Quest. CLIV. Must all our preaching be upon a text of Scrip

ture?

Answ. 1. In many cases it may be lawful to preach without a text; to make sacred orations like Gregory Nazianzen's, and homilies like Macarius's, Ephrem Syrus's, and many other ancients, and like our own church-homilies.

2. But ordinarily it is the fittest way to preach upon a text of Scripture. 1. Because it is our very office to teach the people the Scripture. The prophets brought a new word or message from God; but the priests did but keep, interpret, and preach the law already received: and we are not successors of the inspired prophets, but as the priests were, teachers of God's received Word. And this practice will help the people to understand our office. 2. And it will preserve the due esteem and reverence of the Holy Scriptures, which the contrary practice may diminish.

Quest.

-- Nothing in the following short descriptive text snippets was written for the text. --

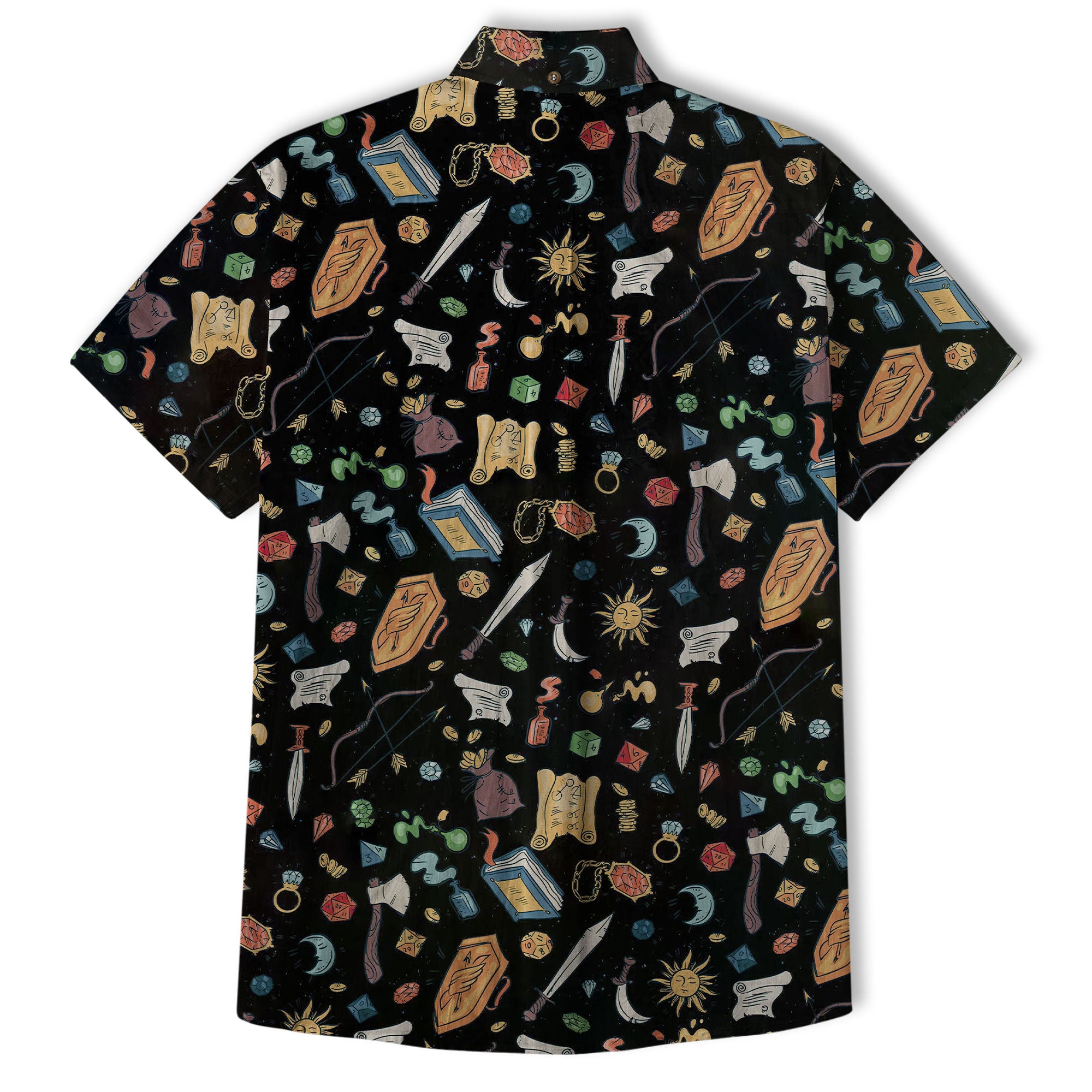 DnD Hawaii Shirt, Dice Print Shirt, Dungeon Master Gift, Roleplaying Game Aloha Hawaii Shirt - The Palmix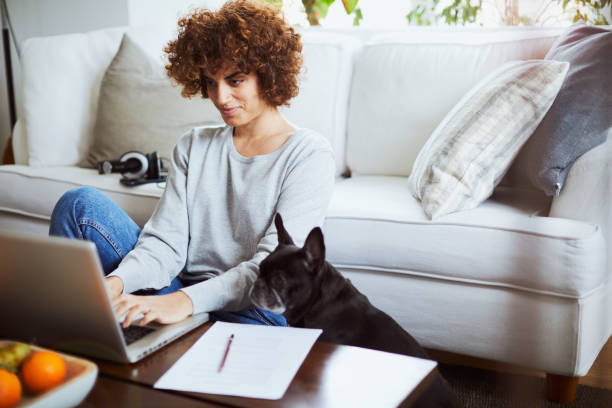 Home office Lifestyles in Barcelona, one woman at home.
spanish model. spanish bulldog stock pictures, royalty-free photos & images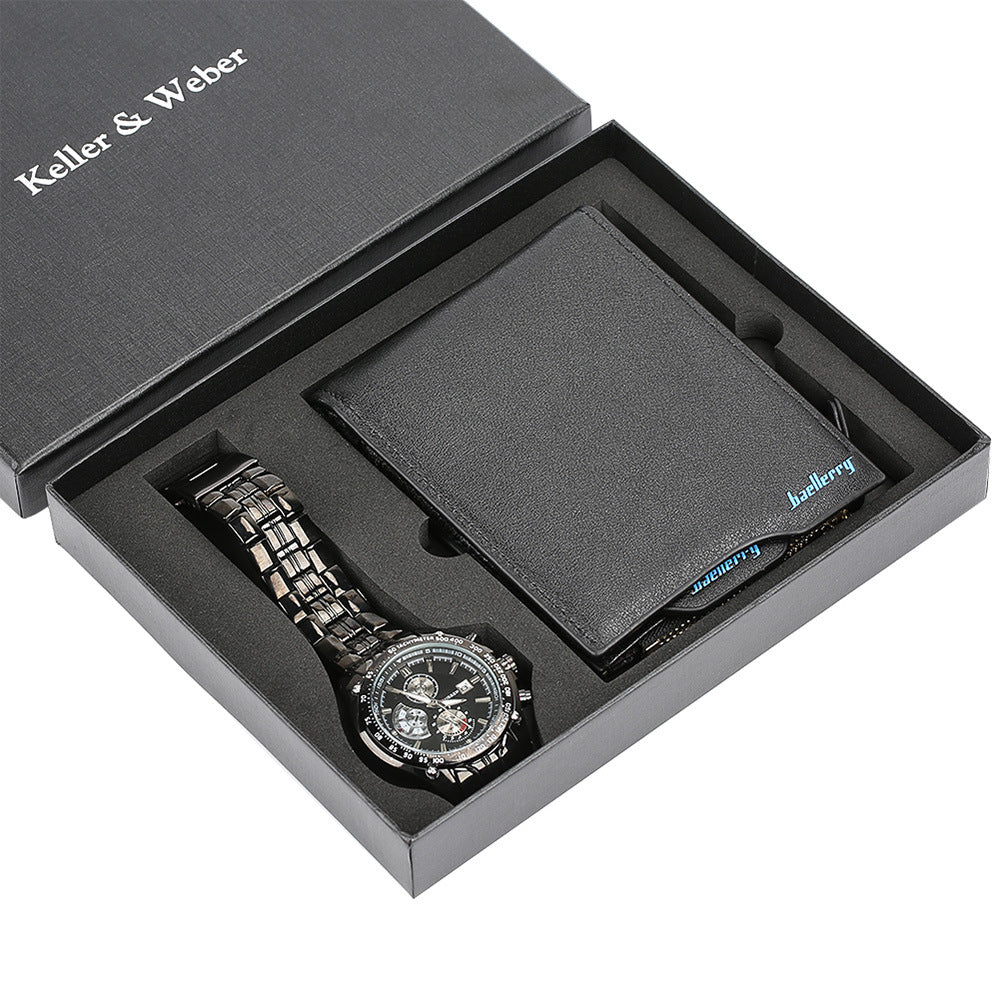 Men's Gift Set Exquisite Packaging Watch & Wallet Quality Creative Combination Set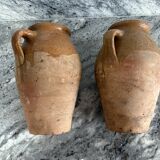 Pair of Provençal enamelled terracotta jars
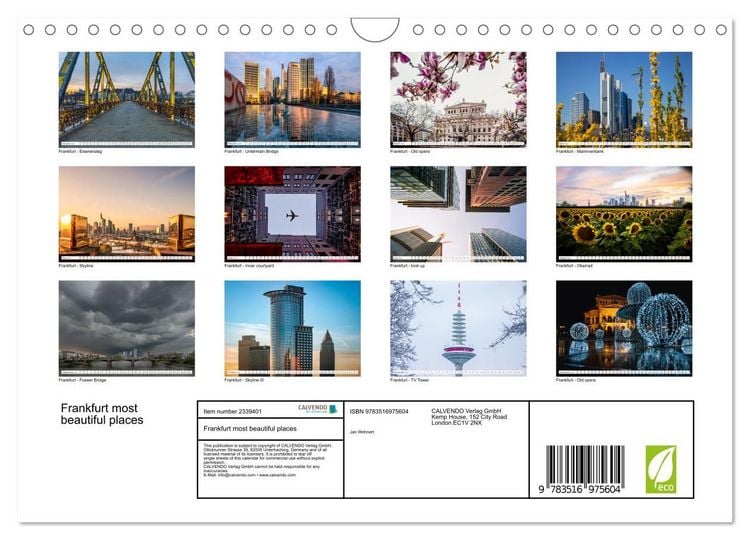 Produktbild: Frankfurt most beautiful places (Wall Calendar 2027 DIN A4 landscape), CALVENDO 12 Month Wall Calendar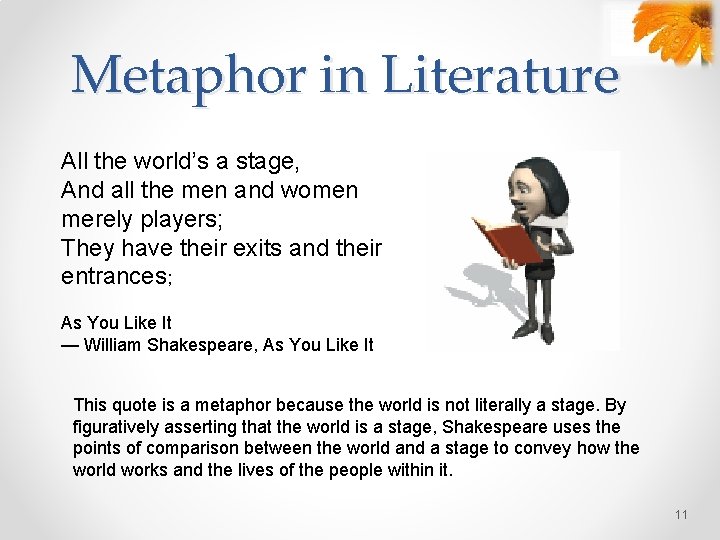 Metaphor in Literature All the world’s a stage, And all the men and women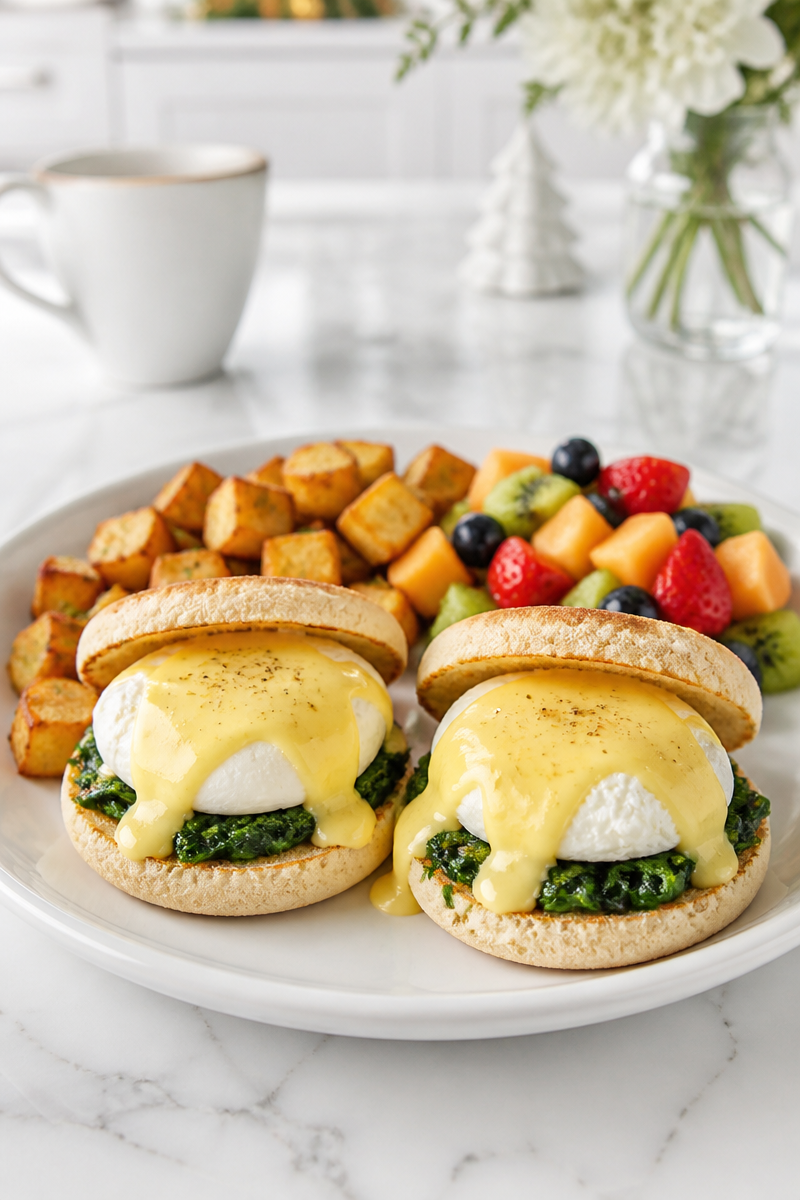 Easy Christmas Brunch Eggs Florentine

CLV. Is not the law of Moses abrogated, and the whole Old Testament out of date, and therefore not to be read publicly and preached on?

Answ. 1. The covenant of innocency is ceased' cessante subditorum capacitate,' as a covenant or promise. And so are the positive laws proper to Adam, in that state, and to many particular persons since.

2. The covenant mixt of grace and works, proper to the Jews, with all the Jewish law as such, was never made to us, or to the rest of the world; and to the Jews it is ceased by the coming and more perfect laws and covenant of Christ.

3. The prophecies and types of Christ, and the promises made to Adam, Abraham, and others of his coming in the flesh, are all fulfilled, and therefore not useful to all the ends of their first making: and the many prophecies of particular things and persons past and gone are accomplished.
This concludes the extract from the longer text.